Amrita held her first single-person exhibition in Lahore in November 1937. The exhibition showed 33 works by Amrita and was organized by Dr. Charles Fabri an Hungarian Indologist and leading art-critic of the time working for the famous paper Lahore Civil and Military Gazette. It was also during this visit Amrita saw Lahore Museum and its miniature collection, and visited Harappa. Lahore was the cultural hub of sub-continent and this exposure to the life in Lahore probably led to the decision by Dr and Mrs. Egan (Amrita) to move there in September 1941 thinking that it would result in a better career move for both.

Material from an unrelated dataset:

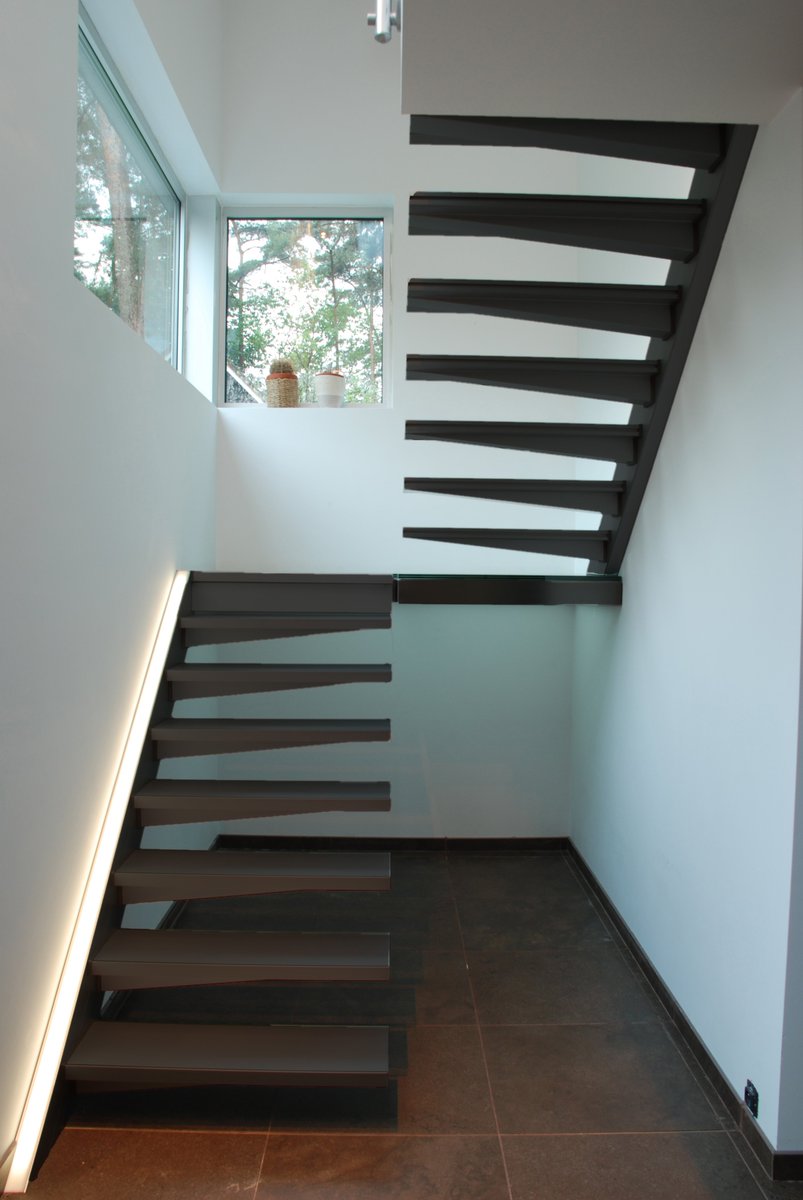 Black or white stairs are gaining popularity. Read all about it in our latest blogpost. bit.ly/1TQWaIf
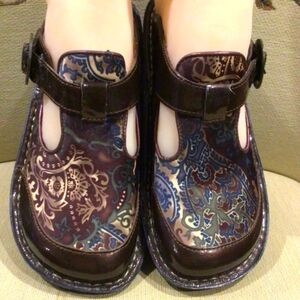 Alegria (Size 38/8-8.5) Brown Paisley Print & Patent Trim Babydoll Slipon Mules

Frida held her first major show in 1938 in Julien Levy Gallery New York. Frida desperately wanted to be a mother but could not carry a child because of her medical problems. She had had miscarriages and abortions – the unfulfilled desire to be a mother is seen across Frida Kahlo’s different works like the Henry Ford Hospital (1932). Kahlo died of pulmonary embolism though some suspected of suicide. Shergil, on the other side, seemed to avoid motherhood and an abortion might have caused her early death only after two months of arriving in Lahore and looking for a breakthrough.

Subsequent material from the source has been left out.